(Given data begins)

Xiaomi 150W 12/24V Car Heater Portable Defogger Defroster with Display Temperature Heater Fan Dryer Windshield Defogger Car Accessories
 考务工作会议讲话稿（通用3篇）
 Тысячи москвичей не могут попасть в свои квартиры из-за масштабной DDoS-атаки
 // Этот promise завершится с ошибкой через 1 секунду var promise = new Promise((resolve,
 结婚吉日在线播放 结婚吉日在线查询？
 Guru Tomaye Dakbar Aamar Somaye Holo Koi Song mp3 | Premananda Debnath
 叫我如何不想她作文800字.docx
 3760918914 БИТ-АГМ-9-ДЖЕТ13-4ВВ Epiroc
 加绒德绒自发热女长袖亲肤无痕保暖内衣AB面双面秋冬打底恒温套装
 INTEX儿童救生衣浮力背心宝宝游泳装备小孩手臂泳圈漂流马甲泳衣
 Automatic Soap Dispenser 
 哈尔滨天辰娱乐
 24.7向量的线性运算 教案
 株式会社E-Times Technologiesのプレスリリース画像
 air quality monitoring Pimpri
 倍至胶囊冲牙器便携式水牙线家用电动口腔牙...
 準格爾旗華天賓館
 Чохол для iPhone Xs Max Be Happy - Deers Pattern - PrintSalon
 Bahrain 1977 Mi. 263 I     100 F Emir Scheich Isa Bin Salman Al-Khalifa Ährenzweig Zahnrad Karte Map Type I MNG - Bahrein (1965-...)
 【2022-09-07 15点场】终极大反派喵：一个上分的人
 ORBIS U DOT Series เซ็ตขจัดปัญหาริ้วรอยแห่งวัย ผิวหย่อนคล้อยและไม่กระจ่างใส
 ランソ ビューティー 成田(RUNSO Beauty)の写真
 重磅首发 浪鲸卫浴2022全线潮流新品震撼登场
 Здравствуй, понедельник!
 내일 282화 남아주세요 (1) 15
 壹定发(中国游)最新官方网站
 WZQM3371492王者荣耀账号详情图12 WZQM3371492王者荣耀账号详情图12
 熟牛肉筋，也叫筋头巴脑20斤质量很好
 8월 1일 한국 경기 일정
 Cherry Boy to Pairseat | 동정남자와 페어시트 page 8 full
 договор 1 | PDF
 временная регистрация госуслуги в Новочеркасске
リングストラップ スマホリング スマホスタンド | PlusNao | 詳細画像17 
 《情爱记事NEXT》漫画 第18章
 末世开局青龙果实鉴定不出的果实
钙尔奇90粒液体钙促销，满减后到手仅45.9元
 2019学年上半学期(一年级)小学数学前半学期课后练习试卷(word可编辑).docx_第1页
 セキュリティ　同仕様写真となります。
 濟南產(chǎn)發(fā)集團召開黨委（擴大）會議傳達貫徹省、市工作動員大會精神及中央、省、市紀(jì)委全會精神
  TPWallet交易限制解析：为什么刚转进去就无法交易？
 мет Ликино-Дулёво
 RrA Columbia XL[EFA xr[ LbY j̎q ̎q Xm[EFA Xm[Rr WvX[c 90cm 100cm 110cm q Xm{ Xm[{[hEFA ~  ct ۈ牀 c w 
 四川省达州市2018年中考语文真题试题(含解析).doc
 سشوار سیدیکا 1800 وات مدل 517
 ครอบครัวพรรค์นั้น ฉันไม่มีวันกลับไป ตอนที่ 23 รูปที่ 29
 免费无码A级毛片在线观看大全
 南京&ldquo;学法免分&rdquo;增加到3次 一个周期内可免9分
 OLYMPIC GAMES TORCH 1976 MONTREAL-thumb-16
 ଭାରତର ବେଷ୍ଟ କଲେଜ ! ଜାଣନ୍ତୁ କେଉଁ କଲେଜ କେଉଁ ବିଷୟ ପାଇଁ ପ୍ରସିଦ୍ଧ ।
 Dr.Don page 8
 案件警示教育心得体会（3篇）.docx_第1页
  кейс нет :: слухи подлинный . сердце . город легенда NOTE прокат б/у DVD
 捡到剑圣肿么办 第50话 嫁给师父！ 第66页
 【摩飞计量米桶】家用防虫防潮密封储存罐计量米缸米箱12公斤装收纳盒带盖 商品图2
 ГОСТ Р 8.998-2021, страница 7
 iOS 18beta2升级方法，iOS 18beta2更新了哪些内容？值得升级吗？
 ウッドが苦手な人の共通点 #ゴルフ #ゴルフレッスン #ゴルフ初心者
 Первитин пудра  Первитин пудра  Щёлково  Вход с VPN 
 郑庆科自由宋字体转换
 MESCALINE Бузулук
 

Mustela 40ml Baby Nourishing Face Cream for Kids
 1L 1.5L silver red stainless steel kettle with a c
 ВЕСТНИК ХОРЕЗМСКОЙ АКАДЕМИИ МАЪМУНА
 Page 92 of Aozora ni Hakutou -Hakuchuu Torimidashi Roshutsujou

(Given data ends)

Requirement: Above are the records; report each line in them that includes the word "with".

Final answer:
Xiaomi 150W 12/24V Car Heater Portable Defogger Defroster with Display Temperature Heater Fan Dryer Windshield Defogger Car Accessories
 1L 1.5L silver red stainless steel kettle with a c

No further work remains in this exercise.